Só o tempo dirá o impacto que a pandemia teve nas consultas de psicologia e nos tratamentos. As doenças e problemas de foro mental agravaram-se, mas a Ordem dos Psicólogos acredita que a adaptação dos profissionais surtiu um efeito positivo.

Muito mudou para os psicólogos no último ano e meio. Algumas consultas passaram da cadeira ou do sofá para um ecrã. Outras, já presenciais, passaram a contar com o constrangimento de uma máscara a esconder expressões que procuram uma leitura, um entendimento. Os psicólogos que trabalham nas escolas viram os portões fechados e os alunos a terem pela frente novas e diferentes dificuldades. O bastonário da Ordem dos Psicólogos, Francisco Miranda Rodrigues, realça que ainda está por apurar o efeito das teleconsultas e do uso de máscara, mas os primeiros indicadores são positivos. Ao longo do último ano e meio, o padrão das patologias diversificou-se e há agora mais pessoas a recorrem às consultas.

Na véspera do Dia do Psicólogo, Francisco Miranda Rodrigues conta à TSF que falta desvelar os efeitos nas terapias aplicadas. "Apesar de tudo o que se tem verificado, julgo que vamos ter de esperar relativamente aos estudos que também estão a ser realizados por todo o mundo nessa matéria, relativamente à efetividade das intervenções e à maior dificuldade e complexidade do trabalho feito à distância ou com máscara."

Quando feitas à distância, as consultas não contam com a presença notória da máscara, mas, no regime presencial, o acessório que protege do contágio também não deixa aflorar algumas expressões reveladoras. "São limitações, mas ainda vamos ter de aguardar mais um tempo para verificar em que tipos de problemas e intervenções tem impacto", reconhece, com cautela, o bastonário, que acredita que primeiros indicadores são muito positivos, no que ao sucesso das intervenções diz respeito.

Francisco Miranda Rodrigues explica que, em pandemia, muitas doenças mentais se agravaram, e acabaram mesmo por emergir novas. "Houve um surgimento de reações adaptativas a esta situação, que deriva do maior medo e das incertezas associadas a tudo o que se tem passado", assinala.

"A ansiedade mais aguda cresceu muitíssimo", elenca, juntando a esse agravamento as reações depressivas e o agudizar da saúde mental, que ocorreu em muitas situações.

Também nas empresas e organizações, os psicólogos tiveram de se ambientar ao trabalho a partir de casa.
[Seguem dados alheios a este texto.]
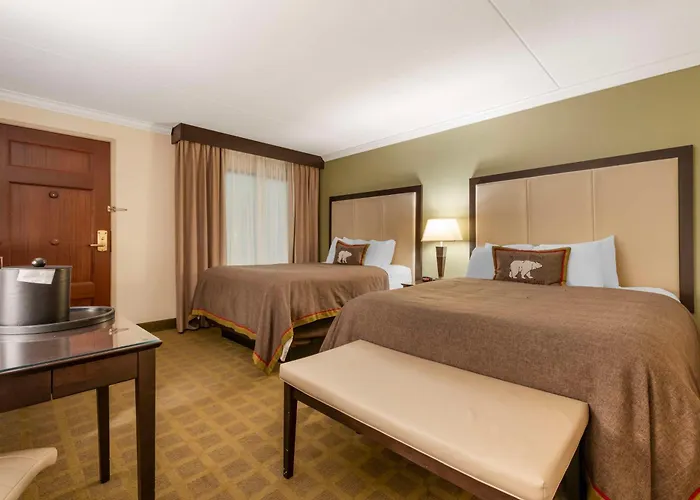 Best Western Plus White Bear Country Inn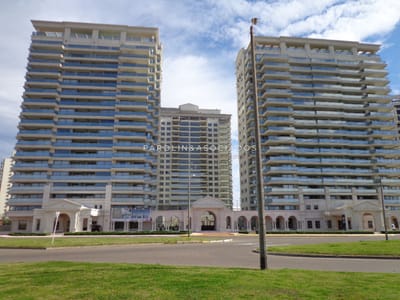 Departamento en venta en Imperiale II, Oportunidad en Punta del Este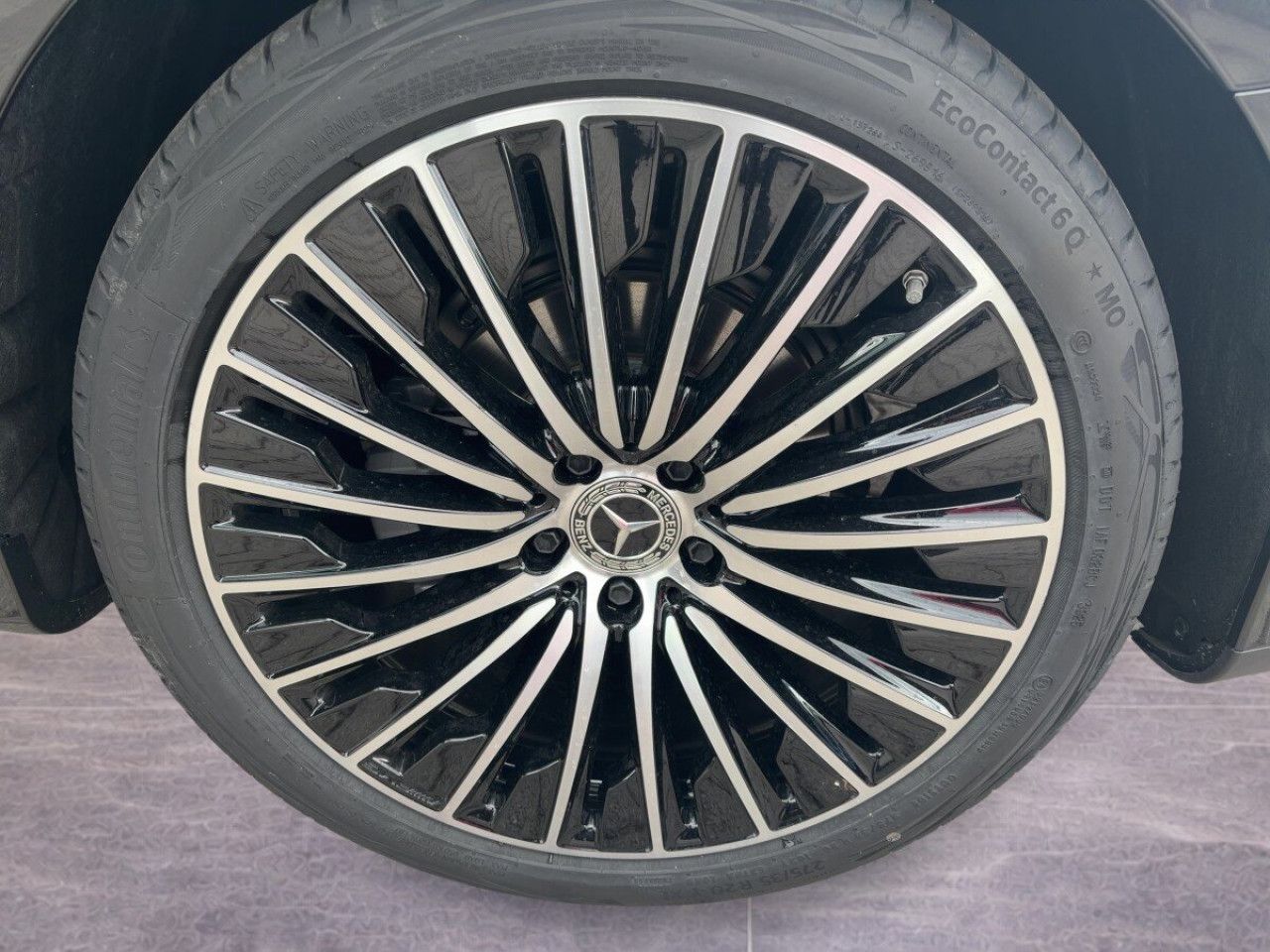 Mercedes-Benz E-Klasse – Bild 11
Já muitos dos que trabalham na área social tiveram de continuar a sair à rua, para prestar apoio às pessoas em situação de sem-abrigo, a crianças em acolhimento ou trabalhar em lares, onde os surtos obrigaram muitos dos que lá vivem a lidar com a perda. Outros iniciaram uma atividade diferente: ser a voz que está atrás da linha de aconselhamento da Saúde 24.